| WORK REQUEST |
Leave the pictures out. Return the rest of the listing below exactly.

| DATA PROVIDED |

....

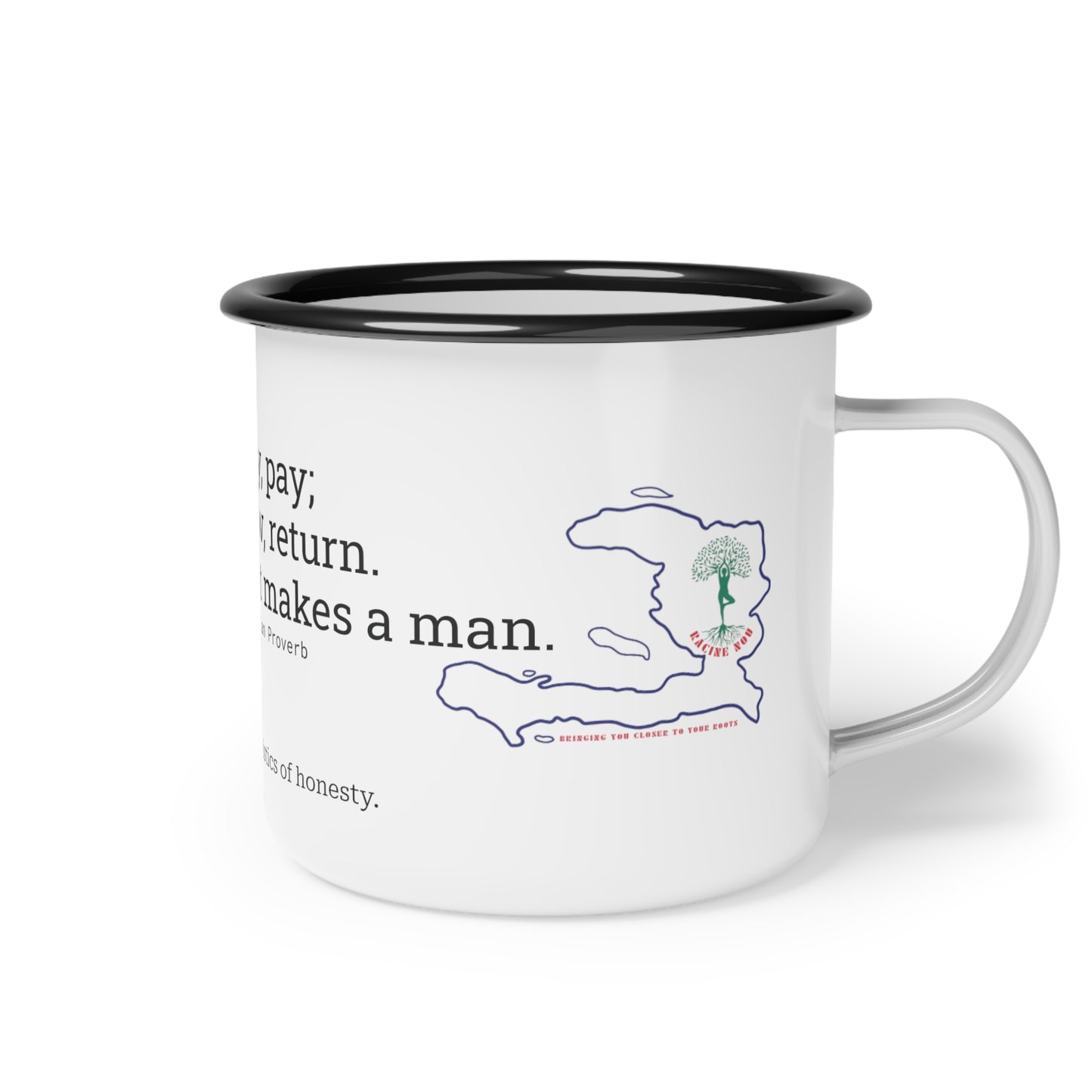 Haïtian Proverb Enamel Mug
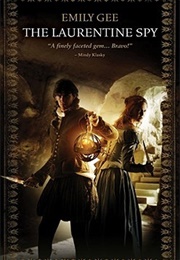 The Laurentine Spy (Emily Gee)
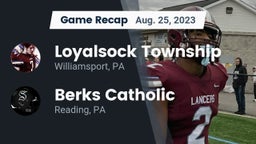 Recap: Loyalsock Township  vs. Berks Catholic  2023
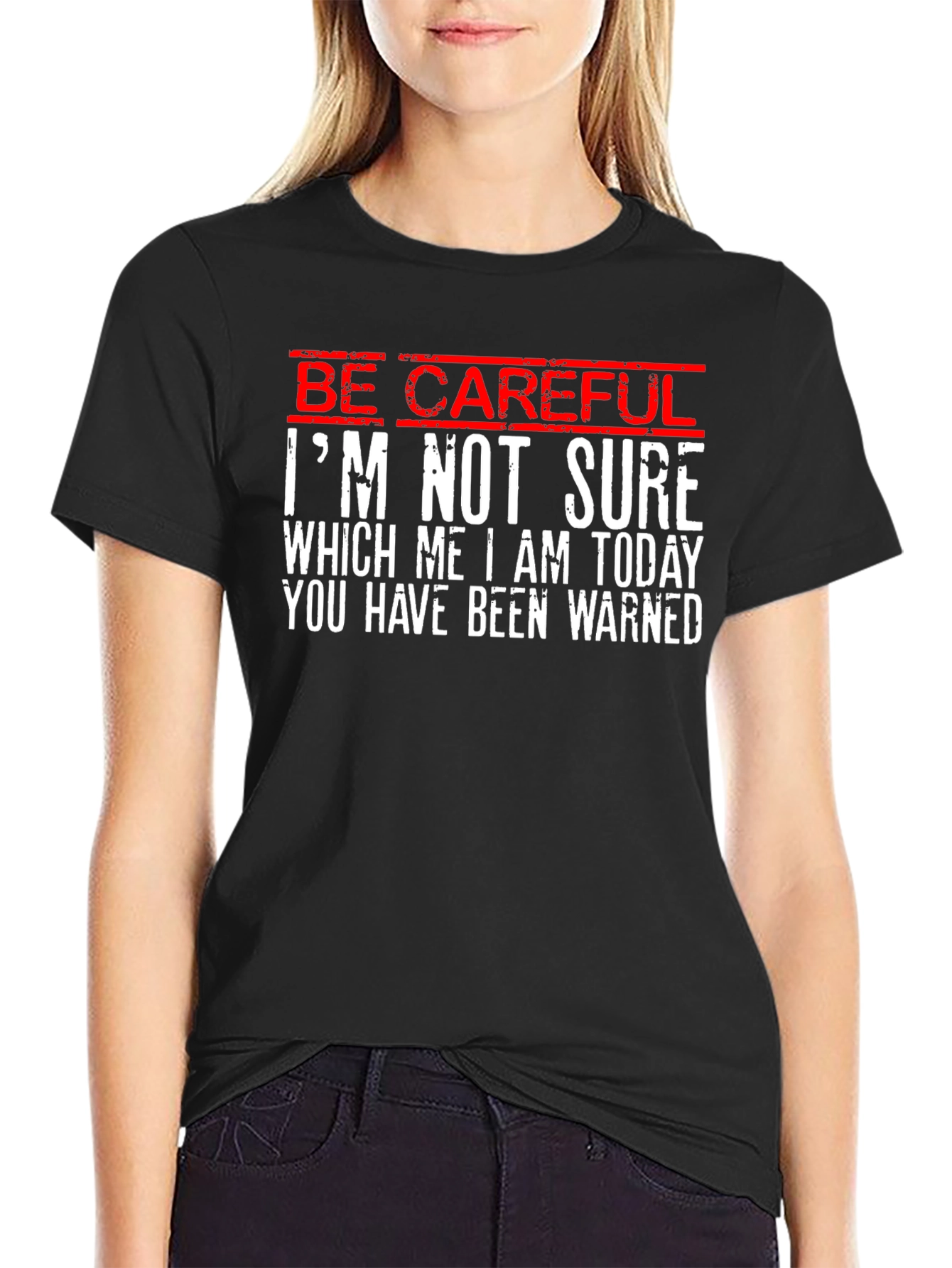 Be Careful T-Shirt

....

| EXERCISE OUTPUT |
 Haïtian Proverb Enamel Mug
 The Laurentine Spy (Emily Gee)
 Recap: Loyalsock Township  vs. Berks Catholic  2023
 Be Careful T-Shirt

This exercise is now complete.